Wednesday, May 14, 2008

Freedom of Information Reform in Tasmania - Some Initial Ideas

FoI Reforms in Tasmania

The 17 year old Freedom of Information Act was conceived and based upon ideas about government information that stretch back to the 1960s. Furthermore the original design and intent of the legislation was heavily modified before being accepted by the major political parties. It was then trimmed further prior to its commencement in late 1992 by the Liberal Government. Throughout the 1990s it was starved of funds and just managed to survive an attempt at a massive reduction in its scope and operation in the mid 1990s. At other times it was targeted by secret plans to subject it to a sunset clause after 2 years.

The Bacon and Lennon governments have co-existed with the legislation but have never been overly supportive or keen to reinvigorate the legislation.

Due largely to staffing restrictions the various Tasmanian Ombudsman since the mid 1990s have taken a very low keyed approach to both the interpretation and application of the Act and in taking any wider supervisory or quality control activity.

This restricted approach seems to be slowly changing under the current Ombudsman, Simon Allston.

What is needed?


A 3 month (maximum review) by the Tasmanian Law Reform Institute and/or the Tasmanian Administrative Review Advisory Committee:

The review could build upon the work and ideas of:

Queensland Independent Review Panel
• Discussion Paper January 2008
• Final Report (early June 2008)
Australian Law Reform Commission
• 1996 Report and current review
NSW Ombudsman review (current)
Changes made in WA, Vic and the Northern Territory Information Act

Developments in New Zealand, Canada, UK and USA

Some initial proposals

Information Commissioner created (could be Ombudsman) to cover FOI, Privacy and state records.

Information Commissioner to have ability to release exempt information in the public interest.

Information Commissioner to have the ability to order release of information.

Information Commissioner to carry out supervisory, advisory and training functions.

Information Commissioner and Ombudsman to be approved by both Houses of Parliament.

Freedom of information to be funded and administered as any other policy program.

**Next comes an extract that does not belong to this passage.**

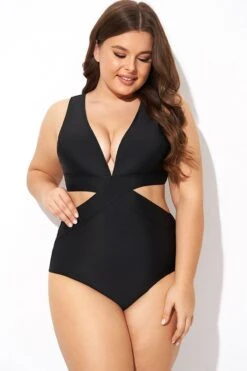 Black Cut Out Plunge Back Hook One Piece Swimsuit 12 Black Cut Out Plunge Back Hook One Piece Swimsuit -Meetcurve Shop b deop299001 5
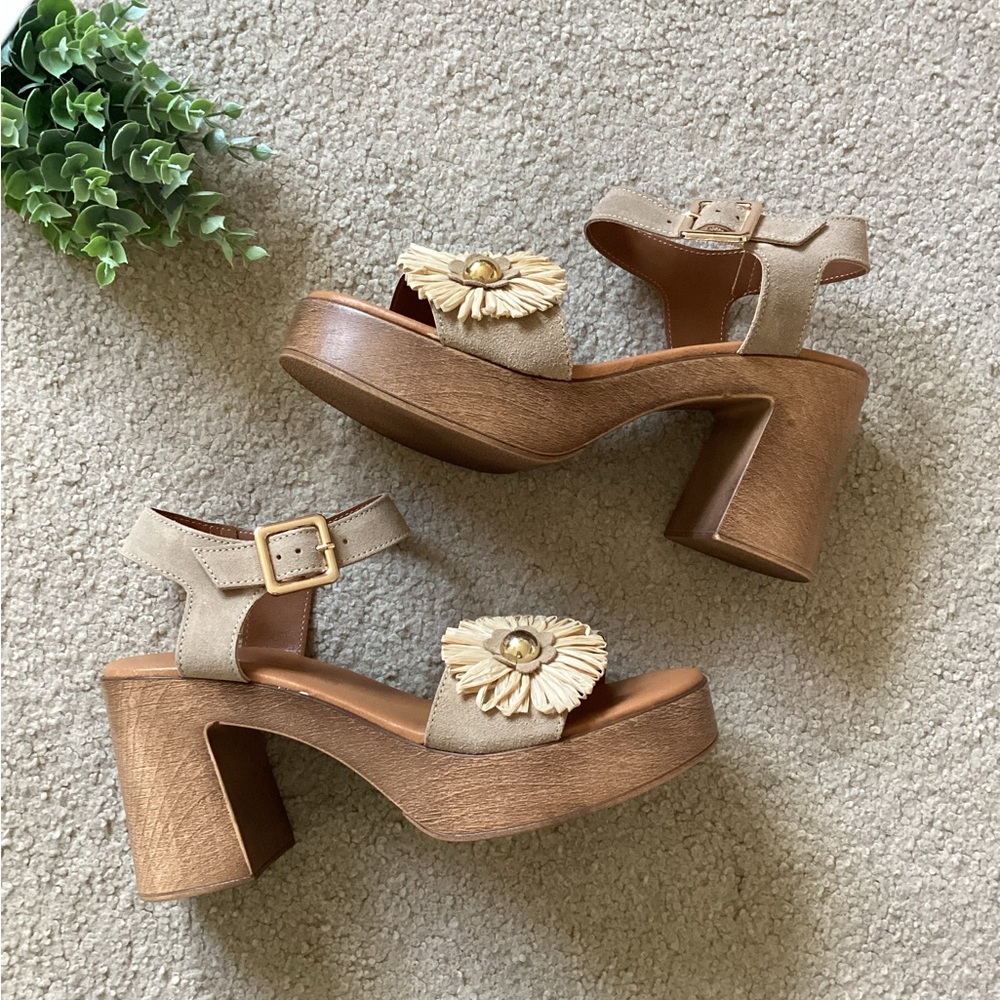 Avellini Suede Block Heel Sandals US Size 6.5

Time period for Information Commissioner reviews to remain at 30 days.


Maximum time limits on applications to be progressively decreased from 30 days to”:
• 20 days
• 15 days
• 10 days

A once-off request for extension up to a maximum of 15 days

Agencies be required to process 50% of requests within 50% of the maximum deadline.


Cabinet documents to be more accessible.

Automatic release of cabinet documents after 10 years unless covered by another exemption.

Internal working documents to be automatically released after 5 years.

All exemptions subject to a public interest test.

Information released under FOI be made publically available on Agency websites.

The government to republish FOI Handbook.

Information Commissioner tpo publish determinations of FOI reviews.

Limits on vexatious applications.


Changing Objects section to include increased openness and progressive release of information as a specific aim of the Act.

Parliamentary oversight of FOI including a “dedicated focus on information as a dimension of all government activity”. Creation of a joint Accountability Committee.

A shift to pro-active or push model of release so that there is routine and active dissemination of information.

Optional internal review.

Internal review timeframe reduced from 14 days to 7 days.

Decisions by gazetted FOI officers under s.21 shall not be subject to any Agency approval process unless that process has been approved by the joint Accountability Committee.

Most importantly a cultural change that sees government transparency made an essential modus operandi of government and that there is an attitude to harvest the dividends of transparency.

1 comment:

Gustav said...

Dear Rick

Thank you for your post.

Your last paragraph says it all.

How do we convince politicians its in their interest to follow your suggestion.

My view is that every candidate seeking election should state their view on FOI and specifically your last paragraph.